Goss seamlessly transitioned from his career as a dancer to becoming an accomplished director and choreographer, working extensively in the San Francisco Bay Area. In New York, Bick worked with legendary choreographer Agnes deMille, recreating her dances from Brigadoon for The American Dance Machine, which played 199 performances at the Century Theatre at 227 West 46th Street, now the home of Scientology. In 2002, Goss directed the Off-Broadway drama, Roman Nights, a two character play about the relationship of Anna Magnani and Tennessee Williams at the Daryl Roth 2 Theatre. In 2007, Goss directed the musical War Brides, lyrics by his producing partner Frank Evans, book by Ron Sproat and music by Christopher Berg, which won two honorable mentions at the NYMF Awards.

Goss always considered his directing and choreography work in the 1992 musical revue, Cole!, to be the greatest triumph of his directing career. The show earned Bick the Bay Area Critics Circle Award for direction and choreography of the San Jose Repertory production of the musical based on the work of composer Cole Porter. The show had an 18-month run in San Francisco.

Bick Goss was always driven to help develop new musicals and in 1999, he founded the non-profit Musical Mondays Theatre Lab at the Century Center for the Performing Arts. "I'm very concerned about the state of musical theatre today," Goss explained. "It's turning into opera and there are too many revivals."

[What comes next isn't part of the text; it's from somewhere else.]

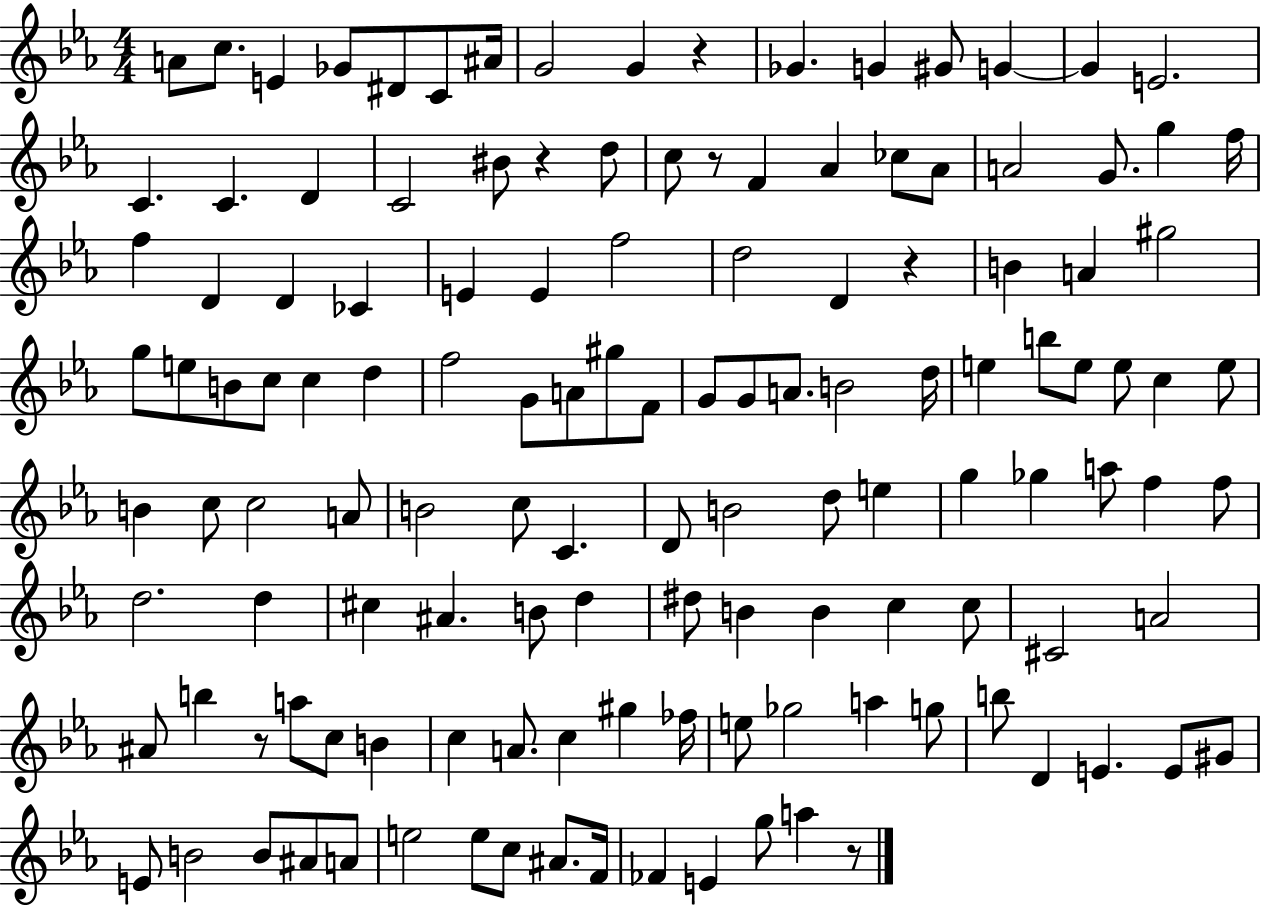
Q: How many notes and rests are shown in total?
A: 132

About to begin it's 14th season presenting readings of four to five new musicals per year, MMTL currently presents previews at the Snapple Theater Center, where the record breaking run of The Fantasticks currently plays. Writers whose early work debuted at Musical Mondays include Tony Winners Robert Lopez and Jeff Marx (Avenue Q), Tony and Pulitzer Prize Winners Brian Yorkey and Tom Kitt when their show Next to Normal was still entitled Feeling Electric, Drama Desk nominee Eric Weinberger and Kleban Prize Winner Beth Falcone (Wanda's World,), Outer Critics Award Winner Andy Monroe (The Kid). Performers in both readings and table readings have included Norbert Leo Butz, Rebecca Luker, Liz Larsen, Sal Viviano, Tovah Feldshuh, Jan Maxwell and Tammy Grimes. Musical Mondays also presented a number of Master Classes including one led by Gwen Verdon, one of the Broadway legend's last public appearances. (Please click on Page 2 below to continue.)

On September 19, 2011, Musical Mondays Theatre Lab saluted its founder with a gala celebration and presented Goss with a "Lifetime Achievement Award." (Photo left). The award read: "Presented [to Richard "Bick" Goss] in recognition of five decades of excellence as a producer, director, actor, dancer and choreographer, both on and off-Broadway and in regional theater. Bick's creation of Musical Mondays Theatre Lab in 1999 and his efforts to create, nurture and support new works have distinguished him as a musical theater development visionary. A cast of thousands will forever regard Bick as a mentor, teacher, colleague and friend."

Bick is survived by his brothers, Blaine and Dean Goss, and his cousin, LaRue Larussa, as well as six nieces and nephews. A memorial service in Bick's honor is being planned for a later date and location to be announced.